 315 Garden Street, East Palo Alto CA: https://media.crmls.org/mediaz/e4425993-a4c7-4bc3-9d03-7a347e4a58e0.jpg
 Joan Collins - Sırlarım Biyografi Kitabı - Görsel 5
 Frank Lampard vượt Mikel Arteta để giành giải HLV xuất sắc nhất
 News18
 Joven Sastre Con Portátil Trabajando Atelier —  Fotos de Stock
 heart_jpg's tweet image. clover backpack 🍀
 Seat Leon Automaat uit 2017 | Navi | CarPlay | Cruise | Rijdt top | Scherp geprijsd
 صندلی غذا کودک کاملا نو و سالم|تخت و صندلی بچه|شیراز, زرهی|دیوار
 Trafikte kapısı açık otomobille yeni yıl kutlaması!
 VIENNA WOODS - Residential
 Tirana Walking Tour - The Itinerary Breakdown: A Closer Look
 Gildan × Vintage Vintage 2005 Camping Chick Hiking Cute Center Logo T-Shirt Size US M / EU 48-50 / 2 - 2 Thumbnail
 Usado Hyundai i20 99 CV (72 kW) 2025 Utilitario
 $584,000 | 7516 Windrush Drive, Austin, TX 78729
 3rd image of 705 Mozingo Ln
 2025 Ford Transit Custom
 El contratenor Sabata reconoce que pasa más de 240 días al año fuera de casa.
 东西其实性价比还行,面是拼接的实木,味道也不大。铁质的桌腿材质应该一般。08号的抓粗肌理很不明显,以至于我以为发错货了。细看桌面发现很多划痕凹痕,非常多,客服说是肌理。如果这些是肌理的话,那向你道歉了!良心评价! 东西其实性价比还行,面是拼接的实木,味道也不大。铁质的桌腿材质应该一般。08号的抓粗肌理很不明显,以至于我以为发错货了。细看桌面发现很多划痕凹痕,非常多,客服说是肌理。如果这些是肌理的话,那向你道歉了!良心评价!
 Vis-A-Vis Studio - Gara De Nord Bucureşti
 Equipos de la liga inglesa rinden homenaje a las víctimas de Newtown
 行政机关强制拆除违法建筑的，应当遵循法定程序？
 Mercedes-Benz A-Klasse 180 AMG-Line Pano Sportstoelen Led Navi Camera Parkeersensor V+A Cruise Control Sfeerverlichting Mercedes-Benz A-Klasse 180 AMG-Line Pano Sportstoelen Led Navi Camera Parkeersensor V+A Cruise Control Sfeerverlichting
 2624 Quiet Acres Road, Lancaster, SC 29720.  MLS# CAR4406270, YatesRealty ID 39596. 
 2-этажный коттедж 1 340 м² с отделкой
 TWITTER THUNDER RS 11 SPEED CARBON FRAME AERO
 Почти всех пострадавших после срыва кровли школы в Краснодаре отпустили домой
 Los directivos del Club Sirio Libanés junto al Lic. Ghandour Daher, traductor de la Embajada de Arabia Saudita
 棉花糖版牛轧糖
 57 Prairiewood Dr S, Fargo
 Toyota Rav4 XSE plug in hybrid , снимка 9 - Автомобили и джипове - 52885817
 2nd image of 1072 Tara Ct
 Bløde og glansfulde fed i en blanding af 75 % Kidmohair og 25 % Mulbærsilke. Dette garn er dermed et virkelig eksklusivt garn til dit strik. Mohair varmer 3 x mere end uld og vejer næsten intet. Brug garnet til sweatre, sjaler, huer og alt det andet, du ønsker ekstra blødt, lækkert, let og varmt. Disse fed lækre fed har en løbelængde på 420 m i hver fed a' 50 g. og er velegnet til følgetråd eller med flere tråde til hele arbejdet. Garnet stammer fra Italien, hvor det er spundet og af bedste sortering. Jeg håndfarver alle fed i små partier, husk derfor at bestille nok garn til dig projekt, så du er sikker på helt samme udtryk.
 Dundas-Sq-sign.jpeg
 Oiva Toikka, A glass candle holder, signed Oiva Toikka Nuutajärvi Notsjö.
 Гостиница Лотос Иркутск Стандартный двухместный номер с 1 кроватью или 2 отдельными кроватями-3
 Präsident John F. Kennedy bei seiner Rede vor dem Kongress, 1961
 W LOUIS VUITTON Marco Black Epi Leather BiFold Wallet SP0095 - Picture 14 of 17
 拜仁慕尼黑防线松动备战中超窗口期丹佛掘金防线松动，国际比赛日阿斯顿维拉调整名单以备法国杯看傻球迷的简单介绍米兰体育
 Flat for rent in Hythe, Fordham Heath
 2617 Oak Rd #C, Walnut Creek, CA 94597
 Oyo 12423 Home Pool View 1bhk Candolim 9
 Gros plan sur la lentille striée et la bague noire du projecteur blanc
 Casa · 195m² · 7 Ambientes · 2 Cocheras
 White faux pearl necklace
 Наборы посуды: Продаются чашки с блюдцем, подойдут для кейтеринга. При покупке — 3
################
What is needed is a verbatim copy of every line in the records above from the one containing "Почти всех пострадавших" down to the one containing "White faux pearl necklace", both included, and nothing more.

## OUTPUT FOR THIS EXERCISE
 Почти всех пострадавших после срыва кровли школы в Краснодаре отпустили домой
 Los directivos del Club Sirio Libanés junto al Lic. Ghandour Daher, traductor de la Embajada de Arabia Saudita
 棉花糖版牛轧糖
 57 Prairiewood Dr S, Fargo
 Toyota Rav4 XSE plug in hybrid , снимка 9 - Автомобили и джипове - 52885817
 2nd image of 1072 Tara Ct
 Bløde og glansfulde fed i en blanding af 75 % Kidmohair og 25 % Mulbærsilke. Dette garn er dermed et virkelig eksklusivt garn til dit strik. Mohair varmer 3 x mere end uld og vejer næsten intet. Brug garnet til sweatre, sjaler, huer og alt det andet, du ønsker ekstra blødt, lækkert, let og varmt. Disse fed lækre fed har en løbelængde på 420 m i hver fed a' 50 g. og er velegnet til følgetråd eller med flere tråde til hele arbejdet. Garnet stammer fra Italien, hvor det er spundet og af bedste sortering. Jeg håndfarver alle fed i små partier, husk derfor at bestille nok garn til dig projekt, så du er sikker på helt samme udtryk.
 Dundas-Sq-sign.jpeg
 Oiva Toikka, A glass candle holder, signed Oiva Toikka Nuutajärvi Notsjö.
 Гостиница Лотос Иркутск Стандартный двухместный номер с 1 кроватью или 2 отдельными кроватями-3
 Präsident John F. Kennedy bei seiner Rede vor dem Kongress, 1961
 W LOUIS VUITTON Marco Black Epi Leather BiFold Wallet SP0095 - Picture 14 of 17
 拜仁慕尼黑防线松动备战中超窗口期丹佛掘金防线松动，国际比赛日阿斯顿维拉调整名单以备法国杯看傻球迷的简单介绍米兰体育
 Flat for rent in Hythe, Fordham Heath
 2617 Oak Rd #C, Walnut Creek, CA 94597
 Oyo 12423 Home Pool View 1bhk Candolim 9
 Gros plan sur la lentille striée et la bague noire du projecteur blanc
 Casa · 195m² · 7 Ambientes · 2 Cocheras
 White faux pearl necklace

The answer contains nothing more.